Paying for all this is hard. Most paralegals are funded by foreign donors; this can mean that programmes are cut back when fashions change. One South African advice centre finances itself through a recycling business. Barefoot Law, a Ugandan non-profit run by volunteer lawyers, uses phones and social media to reach people cheaply. In Sierra Leone, a new land policy requires investors to pay into a fund supporting local paralegals (who help resolve land disputes, among other things). Lotta Teale of Open Society Foundations, a charity that promotes better governance, wants donors to set up endowments to pay for paralegals over the long term, though obviously this would be expensive.

Only a few countries recognise paralegals in law. Bar associations can be sniffy, pointing out that some paralegals take only a two-week crash course before being thrust into the field (though others train for two years). Organisations that employ paralegals could do more to monitor standards and maintain databases of cases.

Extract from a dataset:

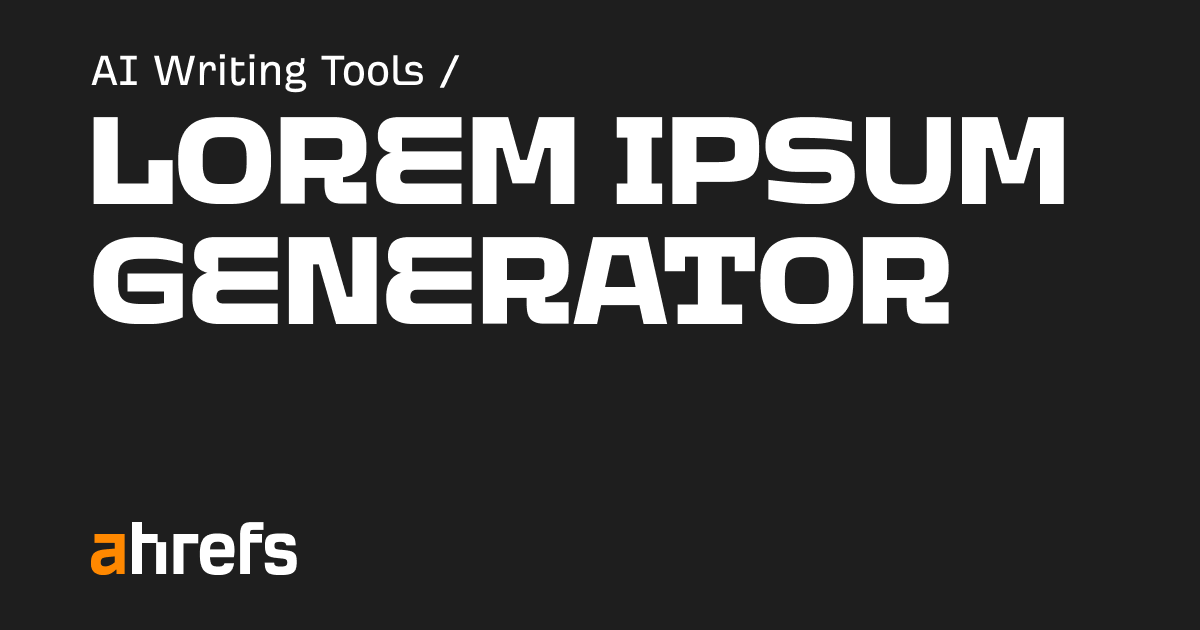 Free AI Lorem Ipsum Generator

The challenge is to become more professional while retaining the grassroots ethos. The best paralegals teach people to solve problems themselves, says Vivek Maru of Namati, an international legal network. Take Boxton Kudziwe, a mobile-phone salesman in Malawi. He was charged in 2006 with murder and spent seven years in prison awaiting trial, only to be found not guilty. Today he works as a paralegal, using his experience to help others get bail. “Then I was ignorant,” he says, recalling his arrest. No longer.